# Making Vinegar from Honey



## sdprep (Jul 18, 2010)

I am two weeks into the project but wanted to share this with anyone that has an interest. 

This is probably one of the most expensive ways to produce vinegar so I would not use this for food preservation but use it in salad dressings etc.

Hope it helps.

1 Part Honey
8 Parts Soft Water.
Cover with cheese cloth and let sit.

I added a teaspoon of white vinegar in hopes of speeding up the process.


----------



## The_Blob (Dec 24, 2008)

is honey vinegar superior to white, malt, cider, or other types? I would think that trying to preserve the honey to use would be more important, even if it is a luxury... (we all need some of those, especially when times are bad)

but it IS interesting

could this be done say... after the honey started to turn?


----------



## bjames40 (Dec 25, 2009)

@ the blob..........honey never goes bad..........ever. so no need to worry about it "turning" or how to preserve it. it does dry out but is easily rehydrated.


----------



## UncleJoe (Jan 11, 2009)

I like honey too much as a sweetener.  I don't think I would use it to make vinegar but that's just me.

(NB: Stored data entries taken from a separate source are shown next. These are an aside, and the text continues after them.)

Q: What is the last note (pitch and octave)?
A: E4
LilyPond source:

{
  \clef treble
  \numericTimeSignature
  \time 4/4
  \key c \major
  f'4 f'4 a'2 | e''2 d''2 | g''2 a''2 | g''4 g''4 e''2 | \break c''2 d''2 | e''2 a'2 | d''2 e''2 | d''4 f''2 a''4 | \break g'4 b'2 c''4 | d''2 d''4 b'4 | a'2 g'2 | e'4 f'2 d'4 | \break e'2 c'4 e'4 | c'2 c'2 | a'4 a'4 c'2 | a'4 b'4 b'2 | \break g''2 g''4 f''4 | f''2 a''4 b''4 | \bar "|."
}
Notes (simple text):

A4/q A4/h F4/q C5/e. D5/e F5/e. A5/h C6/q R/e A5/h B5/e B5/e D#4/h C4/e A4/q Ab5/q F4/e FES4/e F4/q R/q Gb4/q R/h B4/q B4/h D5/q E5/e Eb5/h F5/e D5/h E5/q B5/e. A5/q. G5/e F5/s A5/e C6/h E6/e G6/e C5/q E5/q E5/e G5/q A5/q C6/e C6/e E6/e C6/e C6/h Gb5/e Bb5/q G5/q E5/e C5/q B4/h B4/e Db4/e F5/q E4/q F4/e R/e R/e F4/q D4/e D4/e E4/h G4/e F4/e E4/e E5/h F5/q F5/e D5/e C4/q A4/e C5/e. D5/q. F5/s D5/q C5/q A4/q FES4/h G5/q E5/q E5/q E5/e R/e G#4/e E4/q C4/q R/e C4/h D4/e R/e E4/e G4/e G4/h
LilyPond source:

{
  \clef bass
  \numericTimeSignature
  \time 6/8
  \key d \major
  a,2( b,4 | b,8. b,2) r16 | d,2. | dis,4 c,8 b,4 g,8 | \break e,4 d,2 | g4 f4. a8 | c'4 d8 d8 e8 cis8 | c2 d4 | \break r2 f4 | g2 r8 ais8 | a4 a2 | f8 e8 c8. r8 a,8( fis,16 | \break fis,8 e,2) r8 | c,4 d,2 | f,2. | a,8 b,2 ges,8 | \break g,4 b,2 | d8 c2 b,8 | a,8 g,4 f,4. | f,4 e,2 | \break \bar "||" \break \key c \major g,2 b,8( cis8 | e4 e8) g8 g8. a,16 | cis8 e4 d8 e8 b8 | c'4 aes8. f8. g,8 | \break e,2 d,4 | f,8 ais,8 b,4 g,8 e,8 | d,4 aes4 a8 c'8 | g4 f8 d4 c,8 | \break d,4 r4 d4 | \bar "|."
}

Be sure to fill us in when the project is complete.


----------



## lotsoflead (Jul 25, 2010)

UncleJoe said:


> I like honey too much as a sweetener.  I don't think *I would use it to make vinegar* but that's just me. Be sure to fill us in when the project is complete.

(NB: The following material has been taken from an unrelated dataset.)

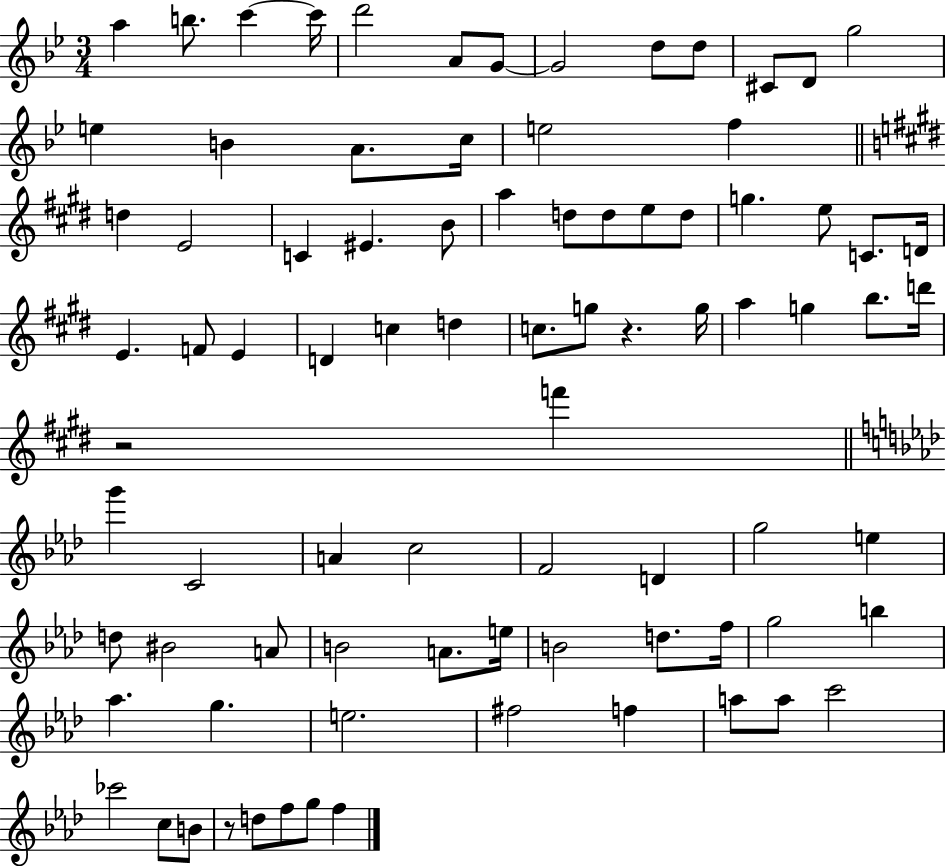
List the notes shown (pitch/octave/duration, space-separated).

A5/q B5/e. C6/q C6/s D6/h A4/e G4/e G4/h D5/e D5/e C#4/e D4/e G5/h E5/q B4/q A4/e. C5/s E5/h F5/q D5/q E4/h C4/q EIS4/q. B4/e A5/q D5/e D5/e E5/e D5/e G5/q. E5/e C4/e. D4/s E4/q. F4/e E4/q D4/q C5/q D5/q C5/e. G5/e R/q. G5/s A5/q G5/q B5/e. D6/s R/h F6/q G6/q C4/h A4/q C5/h F4/h D4/q G5/h E5/q D5/e BIS4/h A4/e B4/h A4/e. E5/s B4/h D5/e. F5/s G5/h B5/q Ab5/q. G5/q. E5/h. F#5/h F5/q A5/e A5/e C6/h CES6/h C5/e B4/e R/e D5/e F5/e G5/e F5/q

 me either, it's too easy to stock pile 50 gallons of vinegar.


----------



## lhalfcent (Mar 11, 2010)

I make honey wine using just water and wildflower honey from local beekeeper.
never thought to make vinegar. interesting.


----------



## Jason (Jul 25, 2009)

mead...yummy....


----------



## PS360 (Sep 10, 2010)

Cool I never thought of making it into vinegar.

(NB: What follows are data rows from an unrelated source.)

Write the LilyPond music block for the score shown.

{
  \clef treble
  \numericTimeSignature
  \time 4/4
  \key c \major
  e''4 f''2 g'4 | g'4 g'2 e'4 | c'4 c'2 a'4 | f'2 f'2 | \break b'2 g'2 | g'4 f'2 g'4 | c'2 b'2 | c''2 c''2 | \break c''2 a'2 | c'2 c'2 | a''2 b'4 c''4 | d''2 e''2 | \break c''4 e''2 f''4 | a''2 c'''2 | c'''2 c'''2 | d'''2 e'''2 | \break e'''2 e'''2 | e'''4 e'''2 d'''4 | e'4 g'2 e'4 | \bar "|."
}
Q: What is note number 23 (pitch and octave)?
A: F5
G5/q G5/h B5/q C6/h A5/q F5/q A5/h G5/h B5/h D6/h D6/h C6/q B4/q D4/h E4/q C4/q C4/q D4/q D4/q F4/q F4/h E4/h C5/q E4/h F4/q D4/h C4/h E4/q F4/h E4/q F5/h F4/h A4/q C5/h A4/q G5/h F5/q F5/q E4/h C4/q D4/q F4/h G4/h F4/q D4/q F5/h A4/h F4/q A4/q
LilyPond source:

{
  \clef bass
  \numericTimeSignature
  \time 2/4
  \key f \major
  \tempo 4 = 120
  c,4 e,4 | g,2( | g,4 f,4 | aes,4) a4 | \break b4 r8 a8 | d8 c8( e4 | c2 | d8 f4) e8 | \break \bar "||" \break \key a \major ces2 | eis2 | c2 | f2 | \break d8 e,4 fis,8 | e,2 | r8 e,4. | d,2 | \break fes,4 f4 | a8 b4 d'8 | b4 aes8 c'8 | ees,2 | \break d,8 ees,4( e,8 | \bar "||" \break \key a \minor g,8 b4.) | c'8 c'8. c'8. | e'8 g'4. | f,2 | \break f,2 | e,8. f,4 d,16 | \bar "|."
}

I’d never do it though honey is too precious.
And there are so many sour little apple trees around here that aren’t good for anything but cider it would be easy to make apple cider vinegar, gallons of it.


----------



## mickbear (Apr 9, 2009)

i'm a beekeeper myself and never thought about trying to make vinegar out of honey.honey has so many usefull purposes i would think it would be better to have around than vinegar.but knowing how to make vinegar from it is very usefull information.


----------



## AzDesertRatMarine (Jan 6, 2011)

*Sounds Tasty*



lhalfcent said:


> I make honey wine using just water and wildflower honey from local beekeeper.
> never thought to make vinegar. interesting.


Sounds Tasty! Any chance you would mind sharing your recipe with us?


----------